午後から雷雨。
蒸し暑さ続く・・・。
水上勉の『精進百選』を読んでいたら、『典座教訓(てんぞきょうくん)』のくだりの記載があったので、抄訳本を読んでみた。
典座とは、禅寺の食事全般を担当する職である。
著者の道元は、鎌倉時代初期の禅僧で、日本に於ける曹洞宗の開祖。
24歳のとき、南宋へ渡るも、上陸を許されず、停泊中に、典座職の老僧に出会い、帰国後、寺院の規律を保つための新たな基準となる書を撰述しようとし、『典座教訓』を著した・・・。
現在の精進料理はお寺の宿坊などで、供されたりするのが一般的だろうか?
例えば、高野山の宿坊など・・・。
或いは、寺院などの多い鎌倉なども、精進料理を供する料理屋もあったりする。
私の近隣?というか・・・(実際に、それ程、近いわけではないけれど)、日光なども、名産の湯波(日光では、ゆばを湯の波と書くようで、京都などでは、湯葉が普通らしい)をメインにした精進料理タイプの料理を供する店が多い。
肉・魚などは、使わず、たんぱく質は、大豆や小麦などから、手間暇かけて抽出し、動物性たんぱく質と同じような食感、見た目、味などを再現したりする。
調理に手間が、かかるため、普通の料理よりは、かなり高額な場合が多いけれど、質素な中にも滋味深く、濃い味に慣れた現代人にとっては、(量的に)物足りない場合も多いかもしれない。

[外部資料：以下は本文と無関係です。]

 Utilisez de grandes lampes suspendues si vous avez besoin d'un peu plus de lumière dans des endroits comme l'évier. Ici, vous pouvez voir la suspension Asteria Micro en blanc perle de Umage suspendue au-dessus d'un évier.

お値段の割には、あまり満足できない・・・そんな感じだろうか?
今年になって、既に練り上げられ、ビン詰めされている胡麻を使って作る、簡単な胡麻豆腐のレシピを見つけたので、時々、作っているけれど、暑さの厳しかった今年の夏には、滋養と薬効のある葛粉と胡麻を使うので、老齢の家人などには、好評であった。

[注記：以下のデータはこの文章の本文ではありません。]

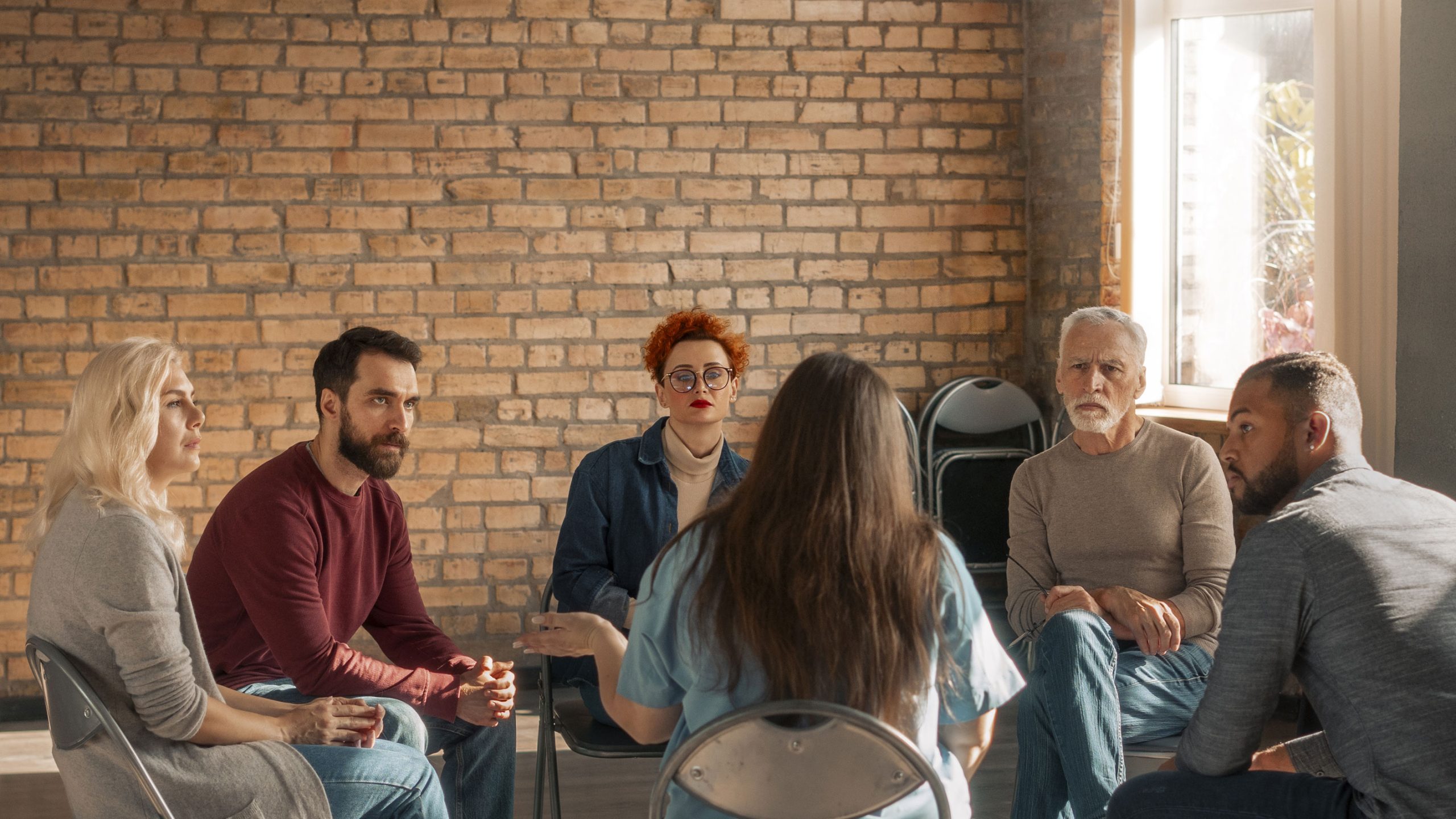 A group of people in a room listening to one person speak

実際、禅寺の胡麻豆腐などは、炒った胡麻を、アタリ鉢で丁寧に摺ることから始めるのだろうと思うけれど、練り胡麻を使う簡単レシピでも、後片付けが、結構、面倒だったりする。
料理は、典座職の修行で、大地の恵みに感謝し、心を込めて、調理し、後片付けなども手を抜かず・・・手間暇をかけて・・・が、修行だから、炒り胡麻をフードプロセッサーにかけて・・・なんてことは、会社勤めで、食事も作らなければ・・・という普通のひとは、やらないし、時間的に制約もあるし、出来ない。
食に対する心構え、食と修行、極める先は、食材も、また命あるもので、命をいただく・・・ということに尽きるのではないだろうか・・・。

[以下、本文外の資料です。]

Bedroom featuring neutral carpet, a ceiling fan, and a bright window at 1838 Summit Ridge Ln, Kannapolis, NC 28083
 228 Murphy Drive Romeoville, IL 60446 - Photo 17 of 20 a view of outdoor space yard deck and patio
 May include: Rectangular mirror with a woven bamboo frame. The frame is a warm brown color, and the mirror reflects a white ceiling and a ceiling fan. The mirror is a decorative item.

そう思いつつも、忙しかったり、面倒だったり・・・食事作りに充分な時間の取れない現代人には、現実的に難しい。
・・・だから、スーパーの胡麻豆腐には、身体に悪い原材料不明の加工デンプンや増量剤、増粘剤だの訳の分からん添加物がてんこ盛り・・・精進料理の対極の商品を臆面なく売り出し、消費者もソレを疑いもなく買うのである。
本書は、道元の原文に、訳・監修の藤井宗哲氏の体験などを織り込み、禅の精神を語る。
章の間に、精進料理のレシピなども紹介されている。